Accommodations in CBT in general
Quellmalz et al. (2012) reported the results of their study examining the technical adequacy and feasibility of the SimScientist simulation-based science assessments. The simulation-based assessments demonstrated less disparity between scores from either SWD or EL, and their peers respective classification peers. This finding, Quellmalz and colleagues argued, indicated that the simulation-based tests facilitated access to the content being tested more effectively than the standard paper-and-pencil tests typically administered. Explicit accessibility features embedded within the simulation-based tests included integrated text-to-speech functionality, screen magnification, and support for extended testing time.

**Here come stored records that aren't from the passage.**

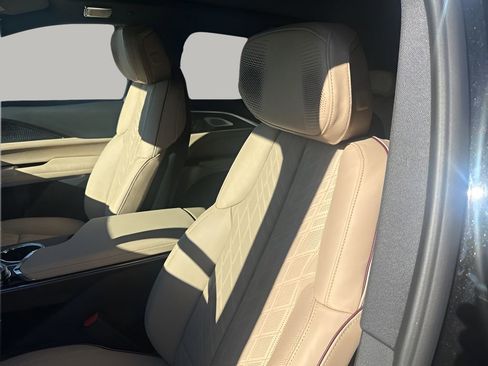 New 2026 Cadillac Lyriq Signature Luxury image 27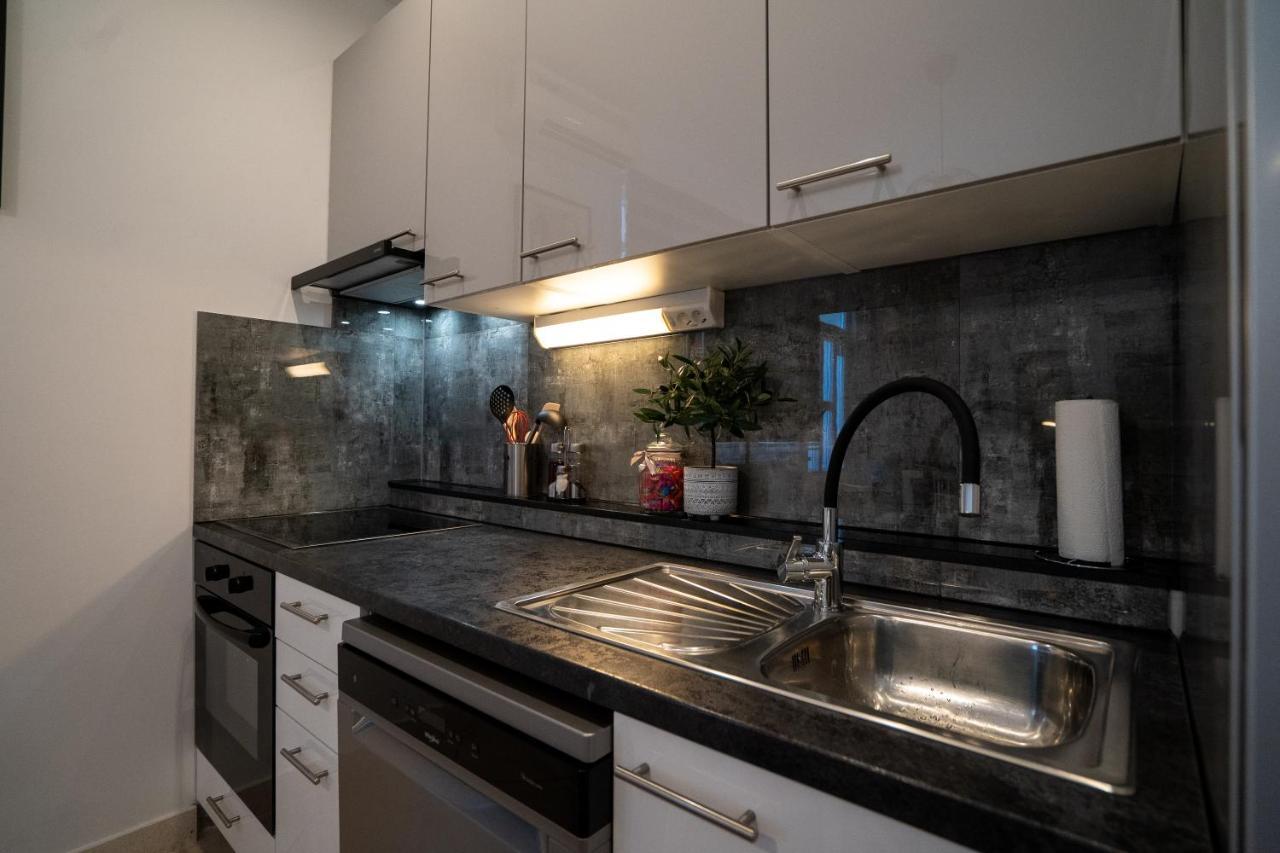 Apartman Dupin Dugi Rat Buitenkant foto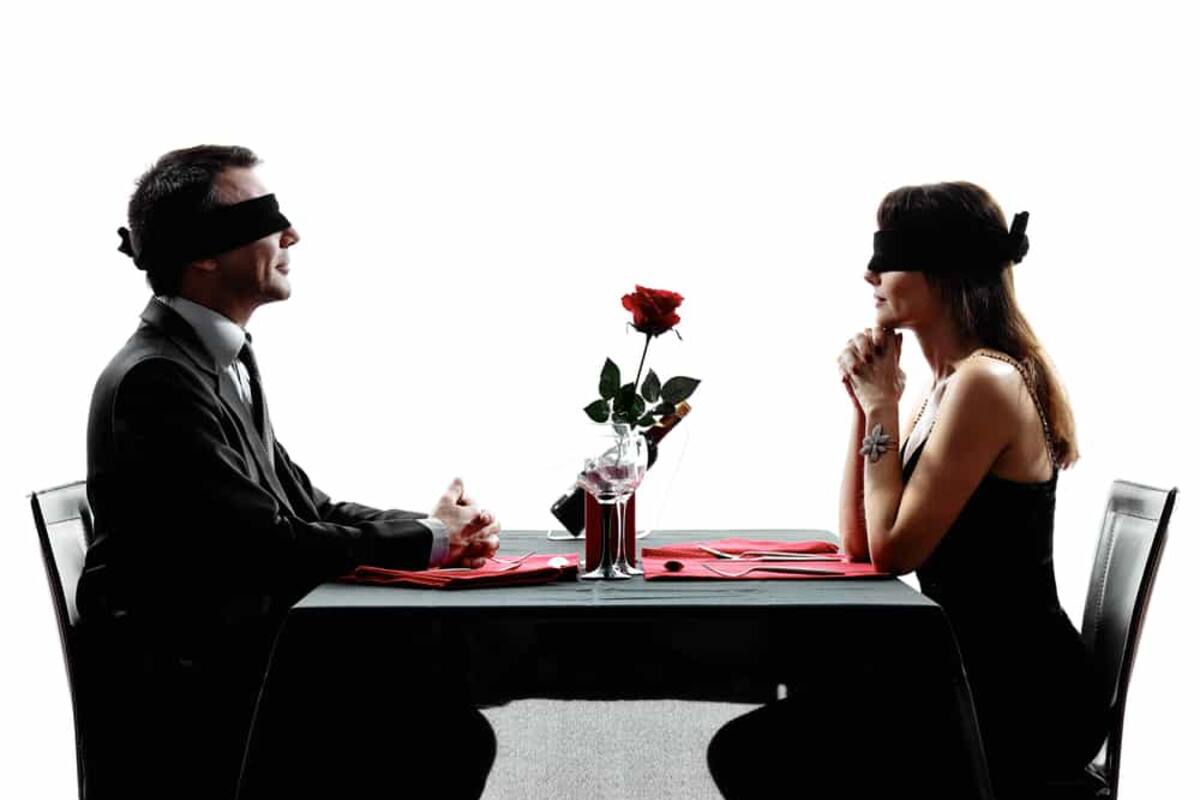 Youtuber revela la estafa de las citas en línea con “mujeres cerca de tu zona”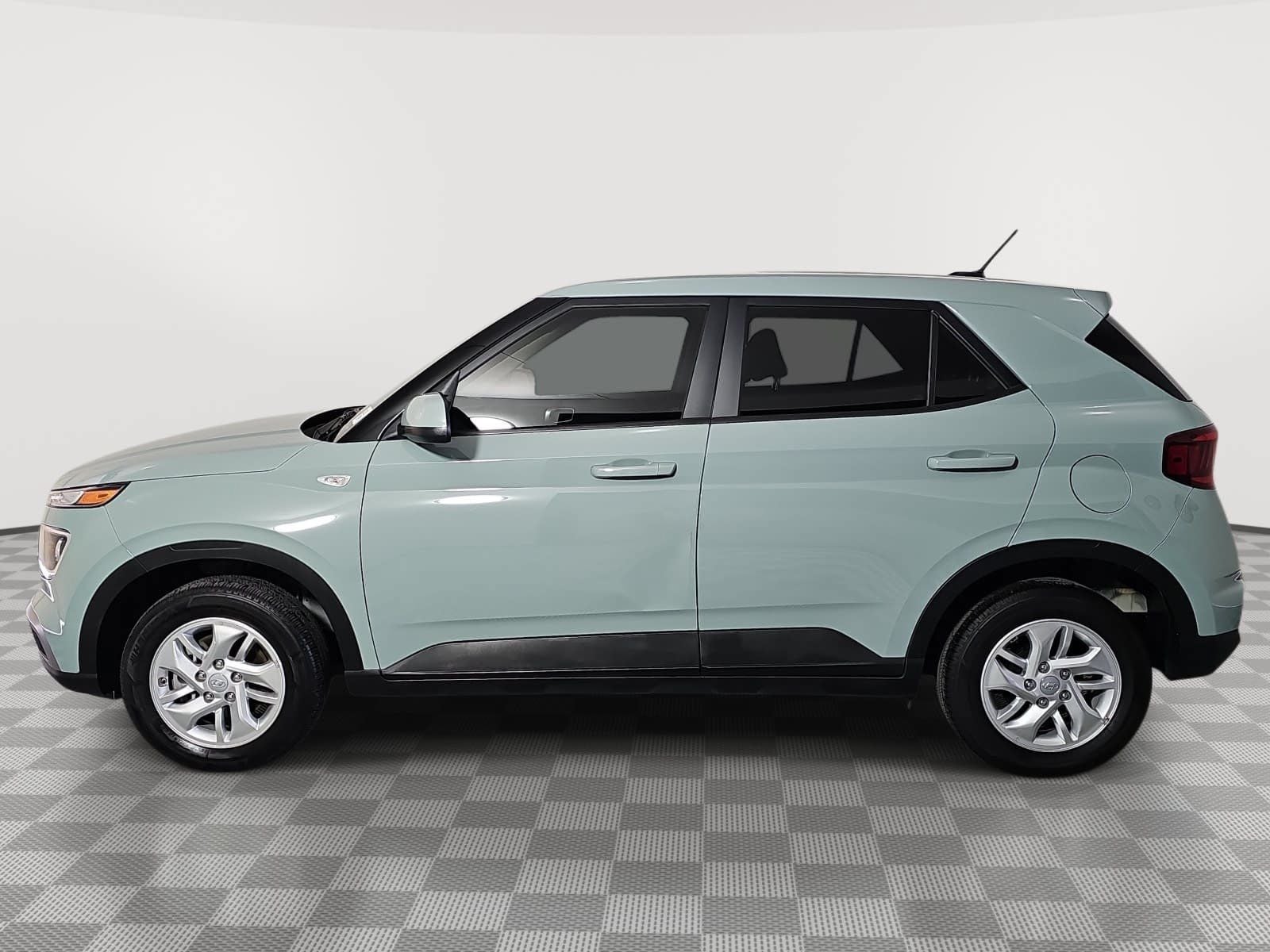 2025 Hyundai Venue SE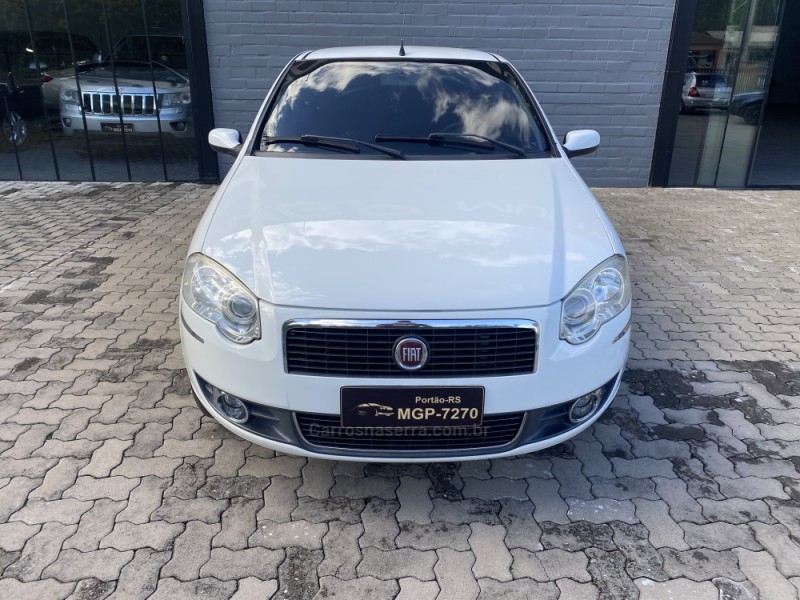 SIENA 1.4 MPI ELX 8V FLEX 4P MANUAL - 2010 - PORTãO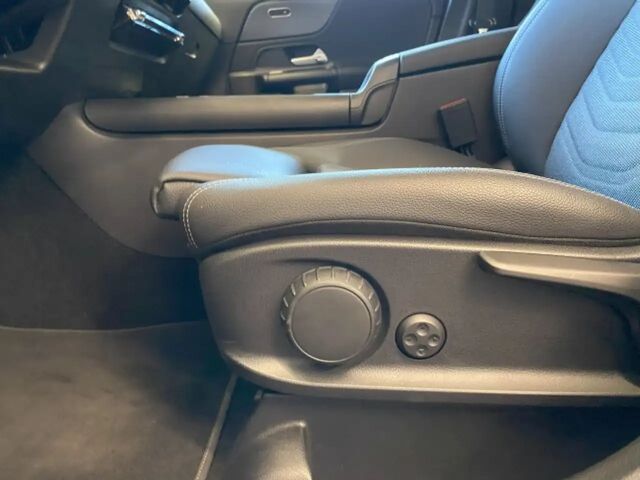 Mercedes-Benz GLA 200 Progressive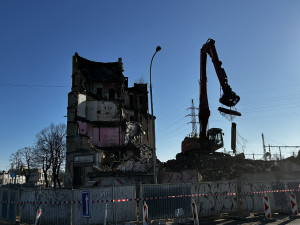 Demolice nechvalně známého komplexu budov pro chudé je velkou atrakcí. Jedna slavná malba už definitivně zmizela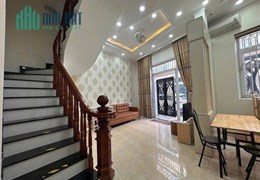 Bán nhà 50m2, 3 tầng, 4PN, 3WC, Trường Thọ, Thủ Đức - 6.8 tỷ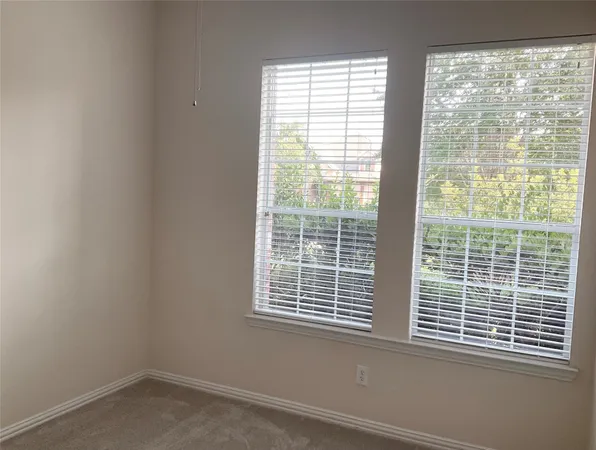 $2,800 | 6 Dragon Hill Place, The Woodlands, TX 77381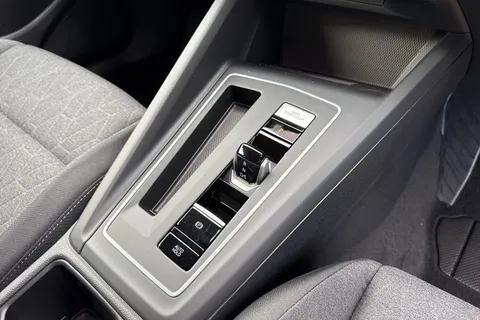  Volkswagen Golf 1.5 eTSI MHEV Match DSG Euro 6 (s/s) 5dr Thumbnail #23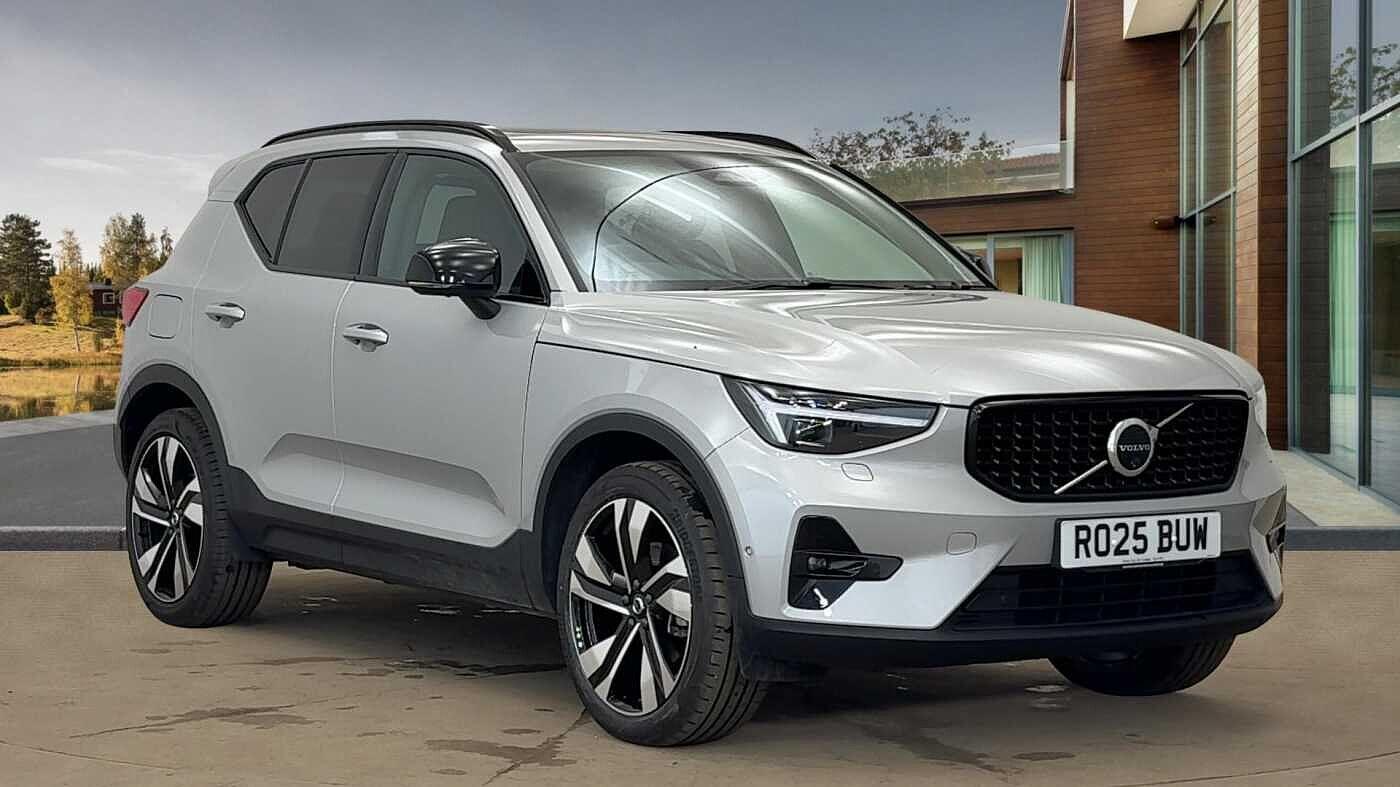 Main listing image - Volvo XC40
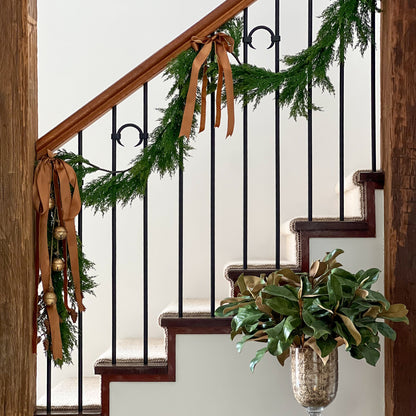 Pine Cone Garland 270cm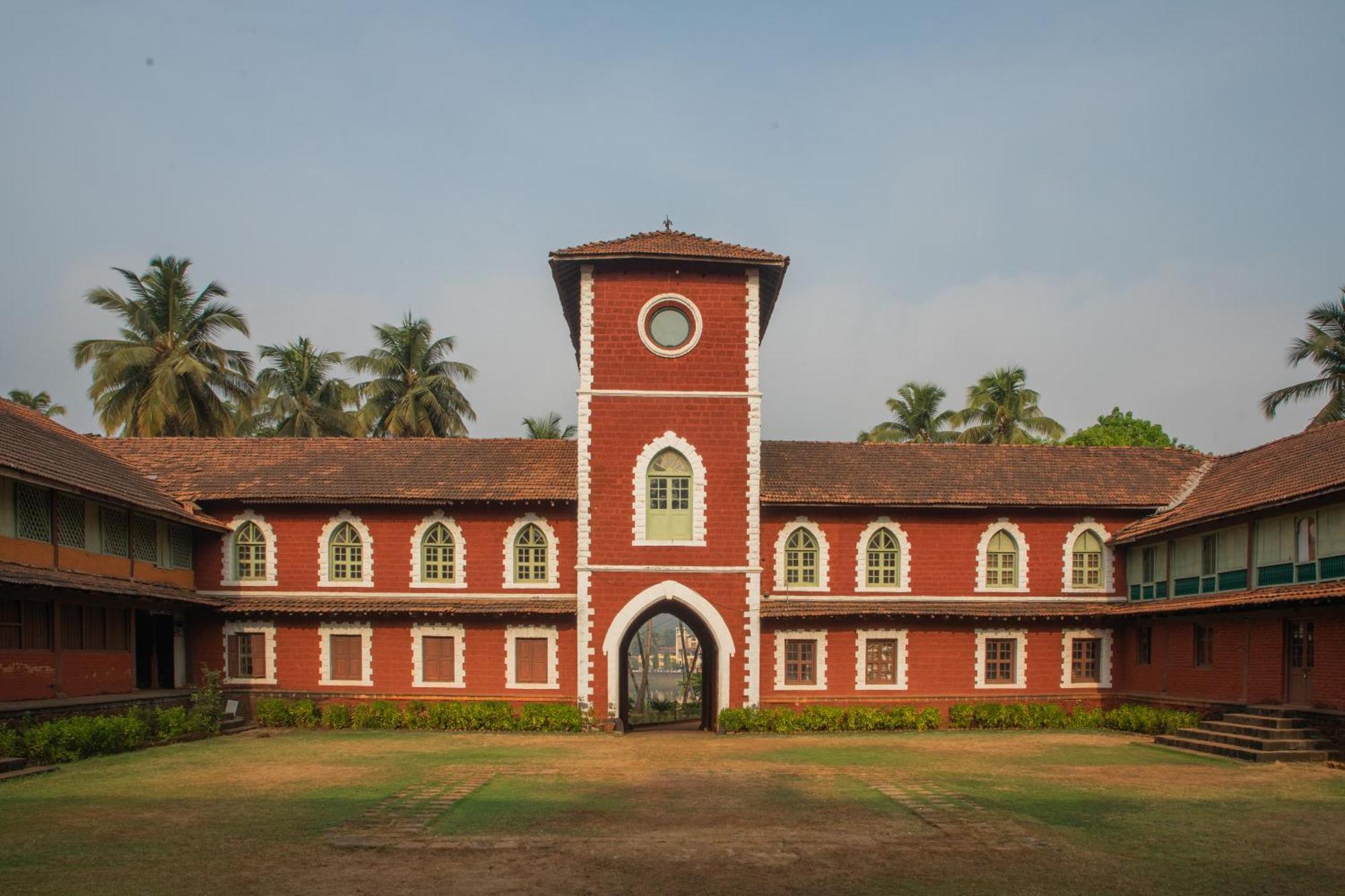 Sawantwadi Palace Boutique Art Hotel ภายนอก รูปภาพ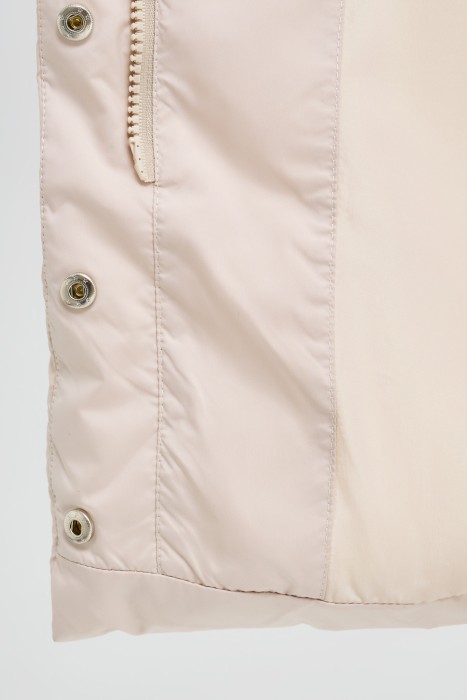 зимнее пальто с капюшоном из россии вид сбоку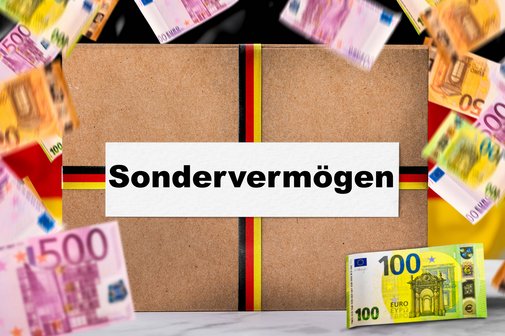 Geldscheine und ein Paket mit der Aufschrift Sondervermögen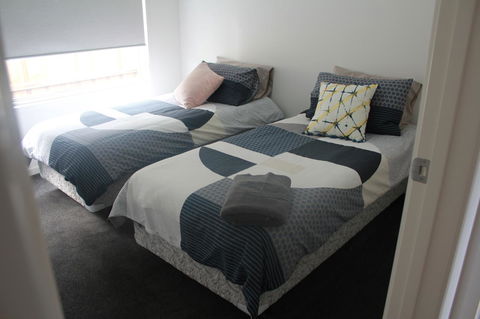 Wayamba - Accommodation Gold Coast 9
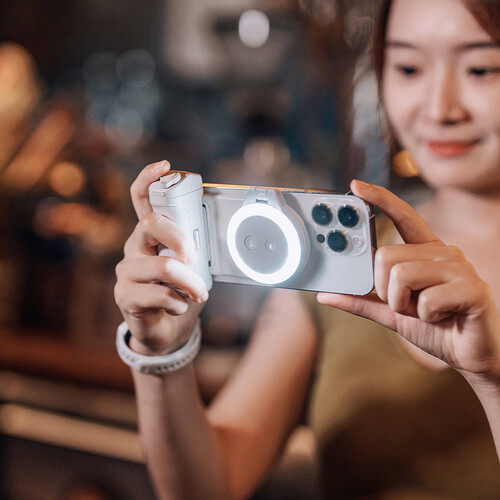 1024431_A.jpg - PGYTECH MagGlow Phone Fill Light (Classic Black) - Image 1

Pattern 5: Targeting Setting, Time, and Tools
Regarding specific aspects of setting, time, and tool availability, a review of state policies by Thurlow and Larson (2011) identified a total of 72 types of testing accommodations for SWD in the context of state reading assessments, many of which apply to this Pattern 5 topic in STEM as well, with the Educational Testing Service listing the following accommodations as the most predominant in CBT contexts for SWD: (a) extended time, (b) separate room, (c) screen or human reader, (d) large print, (e) screen magnification, (f) calculator, (g) scribe or keyboard entry aide, (h) additional supervised break time, and (i) sign language (Hakkinen, 2015).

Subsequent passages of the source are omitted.